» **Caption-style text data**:
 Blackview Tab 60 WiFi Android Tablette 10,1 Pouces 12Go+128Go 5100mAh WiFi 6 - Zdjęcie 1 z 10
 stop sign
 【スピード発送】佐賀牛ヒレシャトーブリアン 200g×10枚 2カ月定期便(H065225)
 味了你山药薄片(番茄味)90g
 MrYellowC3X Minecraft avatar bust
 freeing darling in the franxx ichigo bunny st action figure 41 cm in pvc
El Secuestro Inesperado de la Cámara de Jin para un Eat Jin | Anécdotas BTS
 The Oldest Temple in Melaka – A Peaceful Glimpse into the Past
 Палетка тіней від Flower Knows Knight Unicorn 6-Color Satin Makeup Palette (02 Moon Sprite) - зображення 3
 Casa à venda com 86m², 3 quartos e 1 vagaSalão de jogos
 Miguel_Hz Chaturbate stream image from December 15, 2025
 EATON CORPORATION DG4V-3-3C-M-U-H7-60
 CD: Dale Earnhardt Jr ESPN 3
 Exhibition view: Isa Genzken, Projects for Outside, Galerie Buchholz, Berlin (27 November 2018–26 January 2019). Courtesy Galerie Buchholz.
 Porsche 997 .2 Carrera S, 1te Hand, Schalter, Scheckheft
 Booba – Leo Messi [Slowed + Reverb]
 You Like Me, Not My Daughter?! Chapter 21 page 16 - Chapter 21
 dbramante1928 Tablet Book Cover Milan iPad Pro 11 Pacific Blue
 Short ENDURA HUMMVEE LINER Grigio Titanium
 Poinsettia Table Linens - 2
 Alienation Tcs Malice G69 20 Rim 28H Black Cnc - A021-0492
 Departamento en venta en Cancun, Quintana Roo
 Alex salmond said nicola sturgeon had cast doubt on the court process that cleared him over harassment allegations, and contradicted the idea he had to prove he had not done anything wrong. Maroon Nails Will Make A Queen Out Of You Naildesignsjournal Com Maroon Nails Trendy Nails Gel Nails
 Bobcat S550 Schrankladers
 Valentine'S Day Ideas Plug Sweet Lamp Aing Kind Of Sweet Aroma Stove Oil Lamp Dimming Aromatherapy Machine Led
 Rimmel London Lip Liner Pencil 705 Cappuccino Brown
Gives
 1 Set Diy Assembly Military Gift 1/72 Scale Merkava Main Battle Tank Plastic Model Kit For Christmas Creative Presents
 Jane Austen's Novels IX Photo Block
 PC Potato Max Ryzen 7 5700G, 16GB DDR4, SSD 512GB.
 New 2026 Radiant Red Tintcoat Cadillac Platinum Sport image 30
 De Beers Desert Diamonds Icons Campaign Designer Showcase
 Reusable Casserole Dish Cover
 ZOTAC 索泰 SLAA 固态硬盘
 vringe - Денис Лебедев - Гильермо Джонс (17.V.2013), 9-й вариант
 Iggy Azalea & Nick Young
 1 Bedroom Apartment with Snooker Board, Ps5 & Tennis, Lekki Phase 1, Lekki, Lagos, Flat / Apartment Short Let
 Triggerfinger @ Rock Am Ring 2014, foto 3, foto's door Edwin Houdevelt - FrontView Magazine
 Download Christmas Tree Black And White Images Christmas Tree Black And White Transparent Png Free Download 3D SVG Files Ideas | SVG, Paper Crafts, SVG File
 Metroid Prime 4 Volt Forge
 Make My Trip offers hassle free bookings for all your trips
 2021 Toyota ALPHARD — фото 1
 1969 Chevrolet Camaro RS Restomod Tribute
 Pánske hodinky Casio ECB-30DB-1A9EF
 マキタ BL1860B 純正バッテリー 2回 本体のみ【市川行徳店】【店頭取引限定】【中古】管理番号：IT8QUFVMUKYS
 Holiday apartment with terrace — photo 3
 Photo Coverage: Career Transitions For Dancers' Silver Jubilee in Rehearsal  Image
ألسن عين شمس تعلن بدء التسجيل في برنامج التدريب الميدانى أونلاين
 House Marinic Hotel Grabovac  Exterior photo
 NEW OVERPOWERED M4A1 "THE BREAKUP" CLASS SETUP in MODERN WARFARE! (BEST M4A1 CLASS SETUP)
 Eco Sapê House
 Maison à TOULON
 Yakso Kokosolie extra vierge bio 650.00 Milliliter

» **Task directions**: Search the entries above for lines holding the string "with", then report only how many there are.

» **Result for this task**: 2